§ **INSTRUCTIONS TO FOLLOW**:
Give the records again in full, exactly as they appear, but without the pictures.

§ **THE RECORDS**:
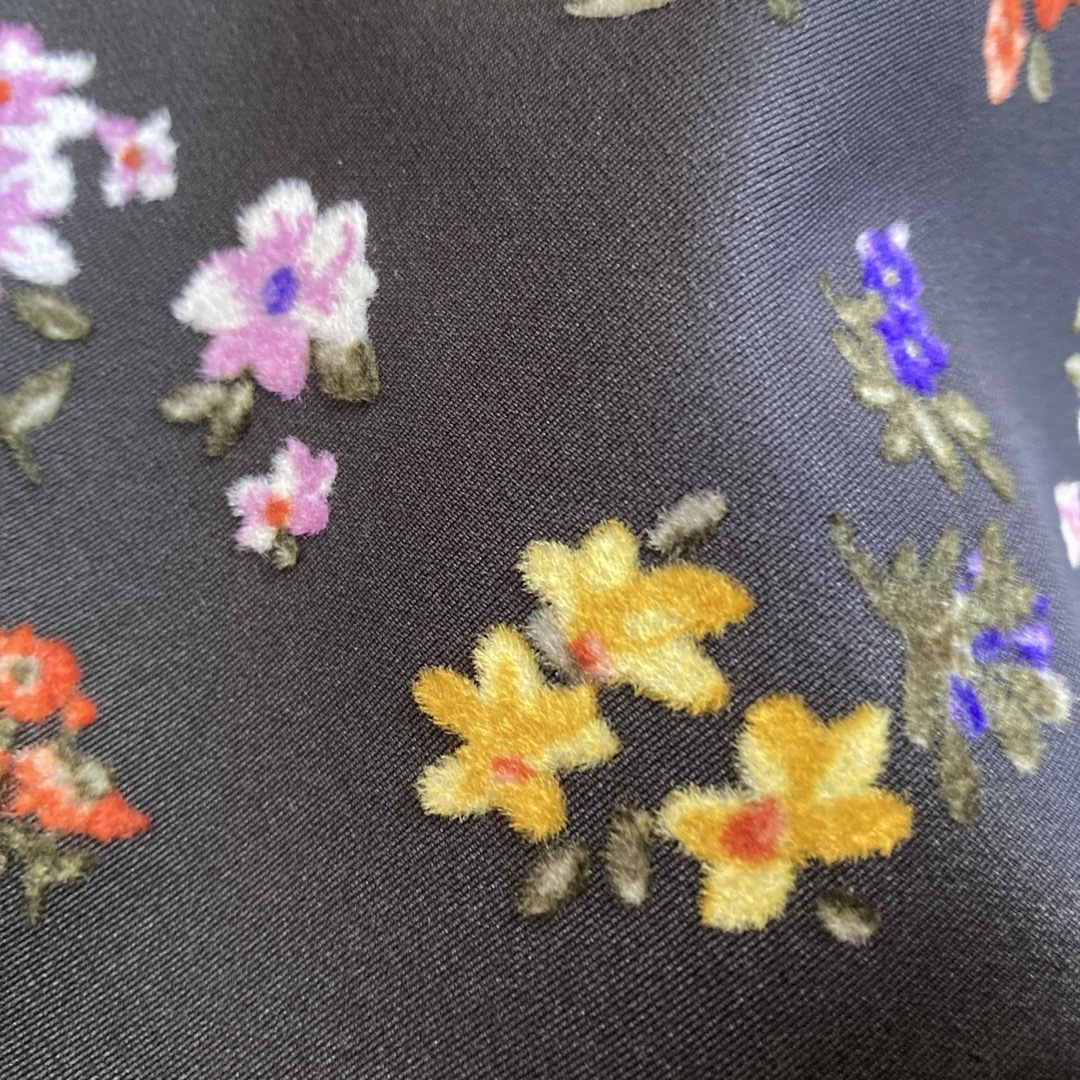 エムズグレーシお花柄スカート38 レディースのスカート(ひざ丈スカート)の商品写真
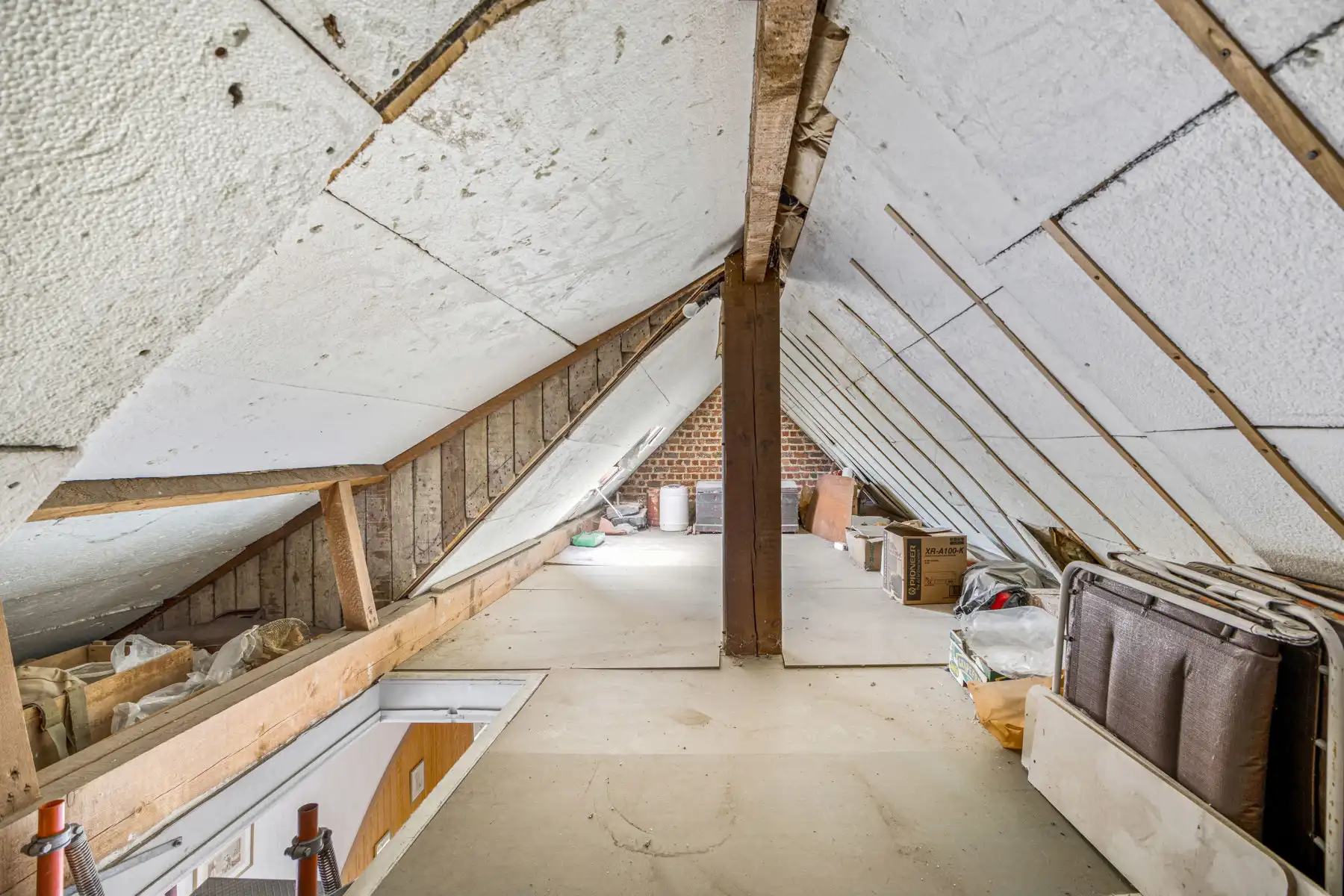 Gunstig gelegen alleenstaande woning met prachtige tuin foto 19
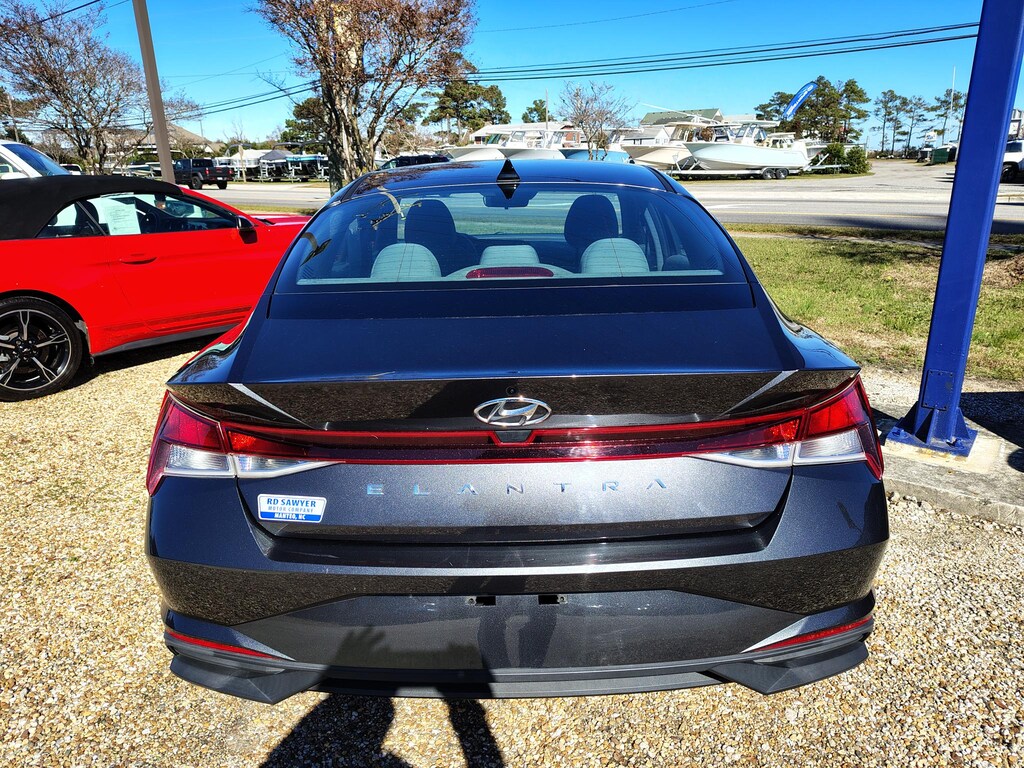 Used 2021 Hyundai Elantra SE Sedan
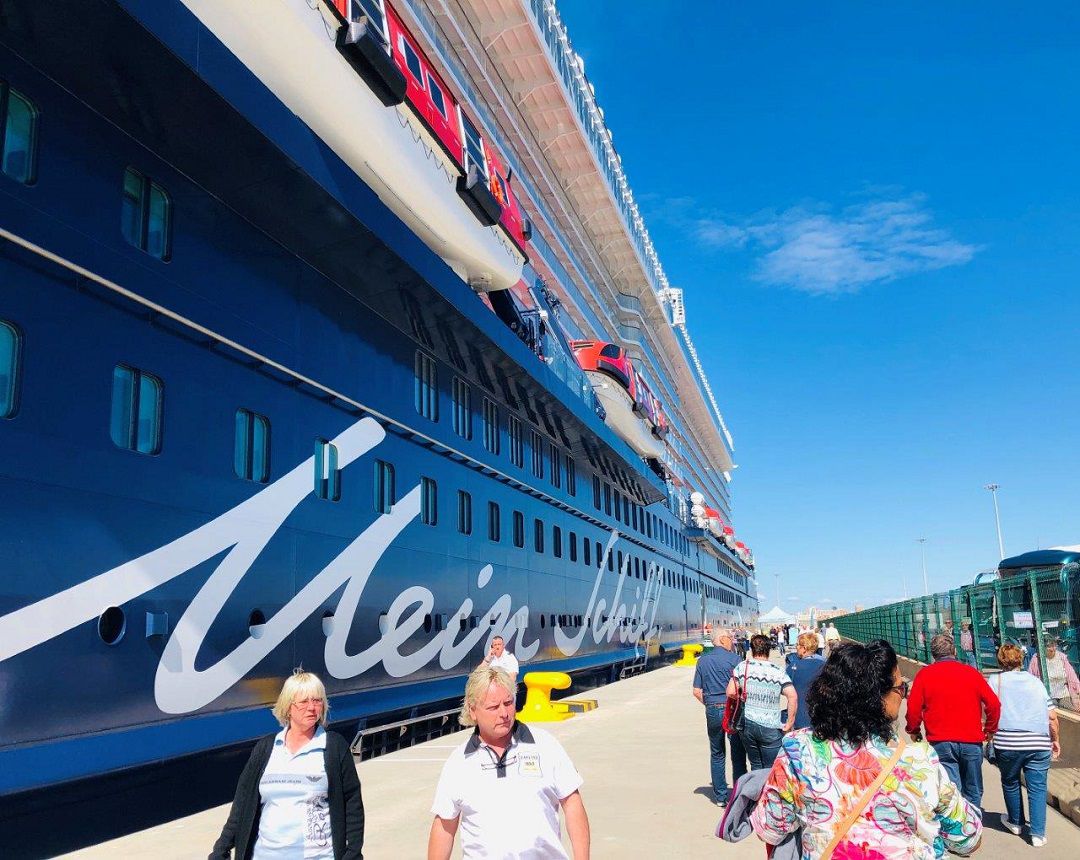 Crucero Mein Schift, el primero que llegará al Puerto de València tras la pandemia Crucero Mein Schift, el primero que llegará al Puerto de València tras la pandemia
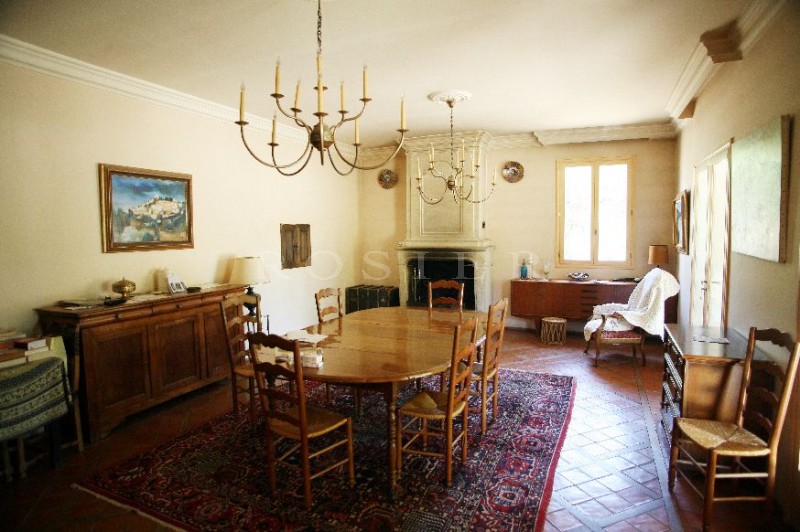 Belle bastide sur 2 hectares de terrain en Luberon   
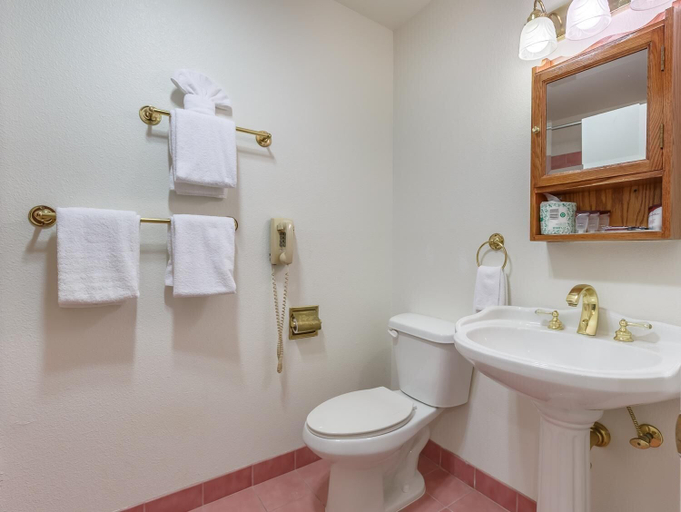 Bathroom 4, Miners Inn, Mariposa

§ **REPLY**:
 エムズグレーシお花柄スカート38 レディースのスカート(ひざ丈スカート)の商品写真
 Gunstig gelegen alleenstaande woning met prachtige tuin foto 19
 Used 2021 Hyundai Elantra SE Sedan
 Crucero Mein Schift, el primero que llegará al Puerto de València tras la pandemia Crucero Mein Schift, el primero que llegará al Puerto de València tras la pandemia
 Belle bastide sur 2 hectares de terrain en Luberon   
 Bathroom 4, Miners Inn, Mariposa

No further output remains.